Leaving out every picture, transcribe the lines from the line that contains "LogiLink 20m alb" to the end of the entries below, both ends included.

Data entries
────────────────────

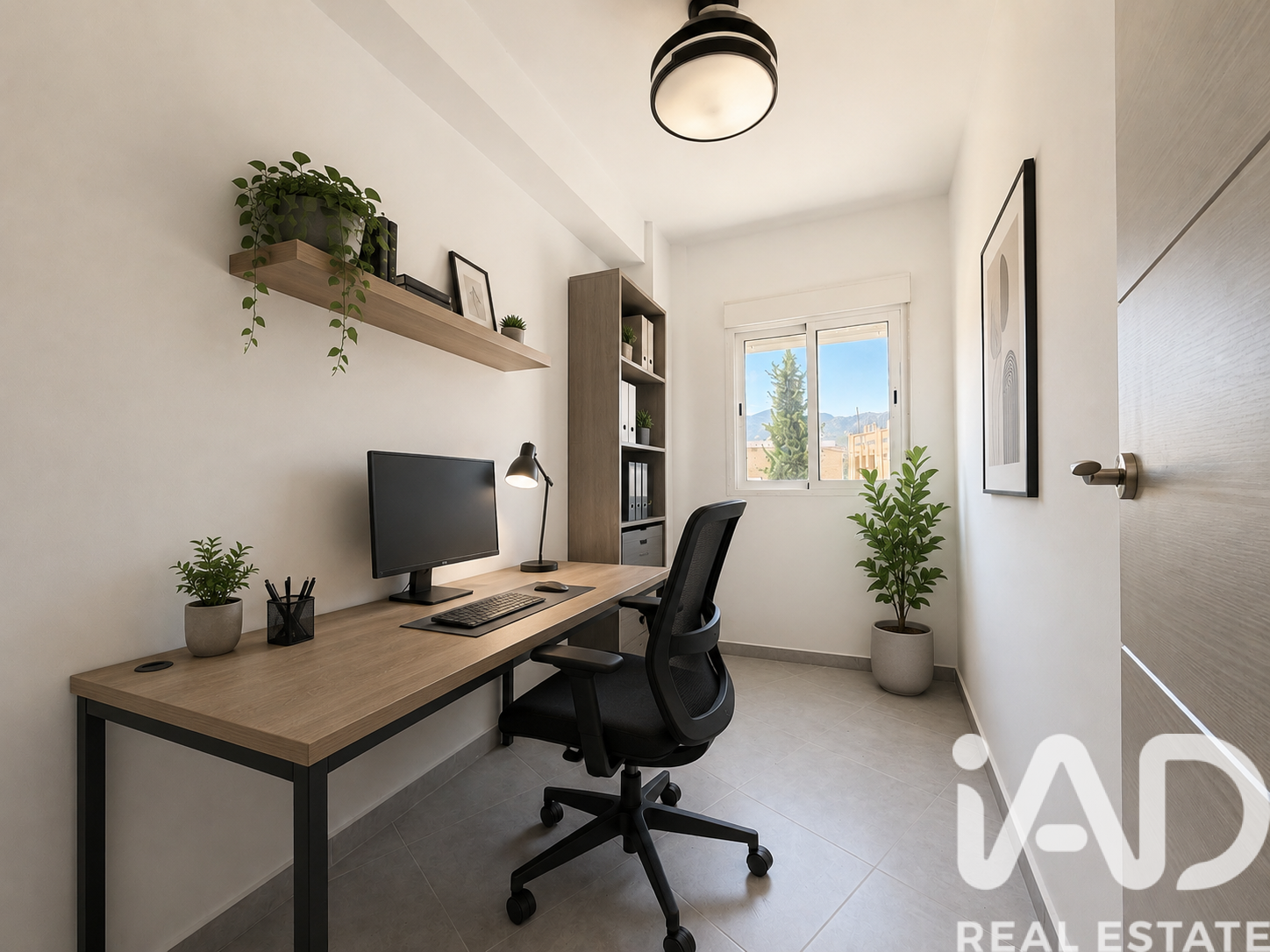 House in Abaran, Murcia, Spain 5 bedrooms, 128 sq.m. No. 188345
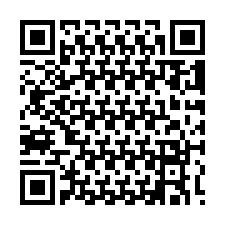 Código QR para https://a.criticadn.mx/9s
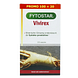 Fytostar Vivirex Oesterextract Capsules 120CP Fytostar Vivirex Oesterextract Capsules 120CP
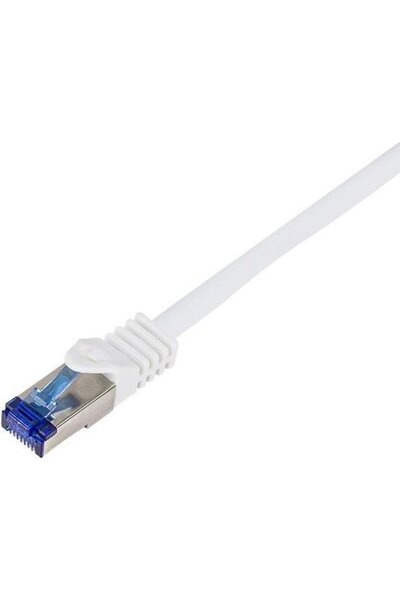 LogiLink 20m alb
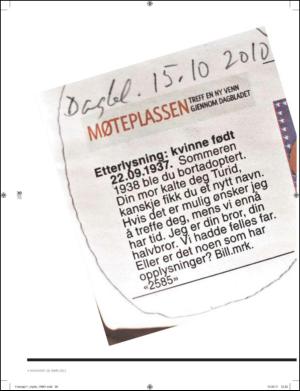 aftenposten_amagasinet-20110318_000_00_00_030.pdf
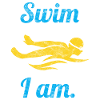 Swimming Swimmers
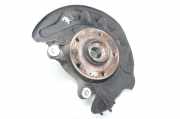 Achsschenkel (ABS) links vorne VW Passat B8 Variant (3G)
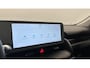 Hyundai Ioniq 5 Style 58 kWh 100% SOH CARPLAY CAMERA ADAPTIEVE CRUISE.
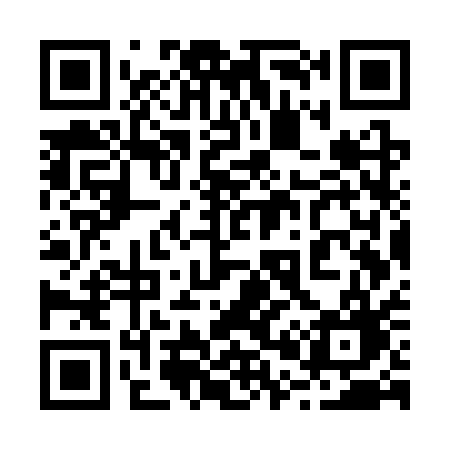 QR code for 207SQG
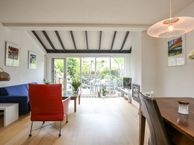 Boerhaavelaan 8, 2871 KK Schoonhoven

────────────────────

● EXERCISE RESPONSE:
 LogiLink 20m alb
 aftenposten_amagasinet-20110318_000_00_00_030.pdf
 Swimming Swimmers
 Achsschenkel (ABS) links vorne VW Passat B8 Variant (3G)
 Hyundai Ioniq 5 Style 58 kWh 100% SOH CARPLAY CAMERA ADAPTIEVE CRUISE.
 QR code for 207SQG
 Boerhaavelaan 8, 2871 KK Schoonhoven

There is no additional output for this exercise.